It was unthinkable.
If he could love some one else than Leonora, her fierce unknown heart suddenly spoke in her side, why could it not be herself?
And he did not love her.... This had occurred about a month before she got the letter from her mother.
She let the matter rest until the sick feeling went off; it did that in a day or two.
Then, finding that Leonora's headaches had gone, she suddenly told Leonora that Mrs Brand had divorced her husband.
She asked what, exactly, it all meant.
Leonora was lying on the sofa in the hall; she was feeling so weak that she could hardly find the words.
She answered just:
"It means that Mr Brand will be able to marry again."
Nancy said:
"But... but..." and then: "He will be able to marry Miss Lupton."
Leonora just moved a hand in assent.
Her eyes were shut.
"Then..." Nancy began.
Her blue eyes were full of horror: her brows were tight above them; the lines of pain about her mouth were very distinct.
In her eyes the whole of that familiar, great hall had a changed aspect.
The andirons with the brass flowers at the ends appeared unreal; the burning logs were just logs that were burning and not the comfortable symbols of an indestructible mode of life.
The flame fluttered before the high fireback; the St Bernard sighed in his sleep.
Outside the winter rain fell and fell.
And suddenly she thought that Edward might marry some one else; and she nearly screamed.
Leonora opened her eyes, lying sideways, with her face upon the black and gold pillow of the sofa that was drawn half across the great fireplace.
"I thought," Nancy said, "I never imagined.... Aren't marriages sacraments?
Aren't they indissoluble?
I thought you were married. .. and..." She was sobbing.
"I thought you were married or not married as you are alive or dead."
"That," Leonora said, "is the law of the church.
It is not the law of the land...."
"Oh yes," Nancy said, "the Brands are Protestants."
She felt a sudden safeness descend upon her, and for an hour or so her mind was at rest.
It seemed to her idiotic not to have remembered Henry VIII and the basis upon which Protestantism rests.
She almost laughed at herself.
The long afternoon wore on; the flames still fluttered when the maid made up the fire; the St Bernard awoke and lolloped away towards the kitchen.

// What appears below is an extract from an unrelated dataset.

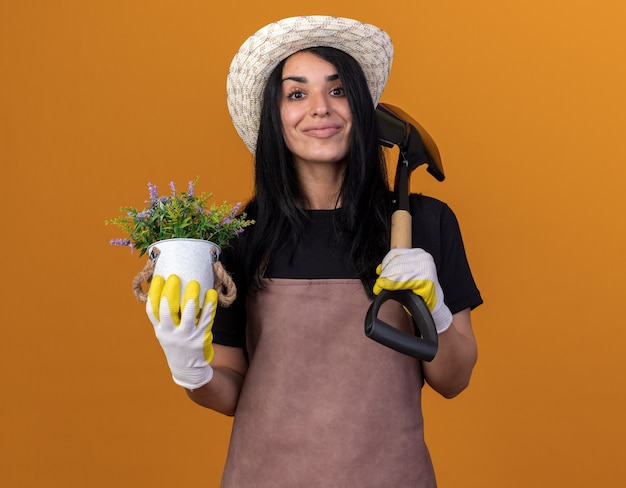 Felice giovane giardiniere caucasica ragazza che indossa uniforme e cappello con guanti da giardiniere che tengono vanga e vaso di fiori isolati su parete arancione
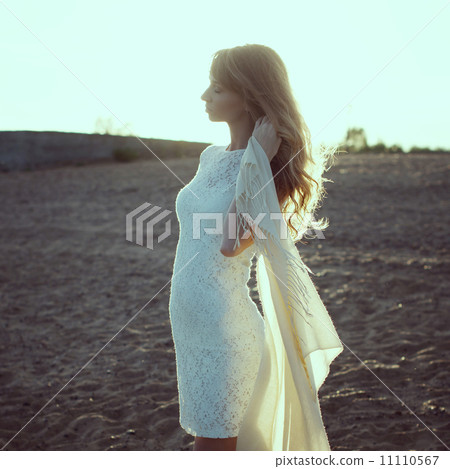 Young woman on beach under sunset light with closed eyes, outdoors portrait. Photo toned in warm col 11110567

And then Leonora opened her eyes and said almost coldly:
"And you?
Don't you think you will get married?"
It was so unlike Leonora that, for the moment, the girl was frightened in the dusk.
But then, again, it seemed a perfectly reasonable question.
"I don't know," she answered.
"I don't know that anyone wants to marry me."
"Several people want to marry you," Leonora said.
"But I don't want to marry," Nancy answered.
"I should like to go on living with you and Edward.
I don't think I am in the way or that I am really an expense.
If I went you would have to have a companion.
Or, perhaps, I ought to earn my living...."
"I wasn't thinking of that," Leonora answered in the same dull tone.
"You will have money enough from your father.
But most people want to be married."
I believe that she then asked the girl if she would not like to marry me, and that Nancy answered that she would marry me if she were told to; but that she wanted to go on living there.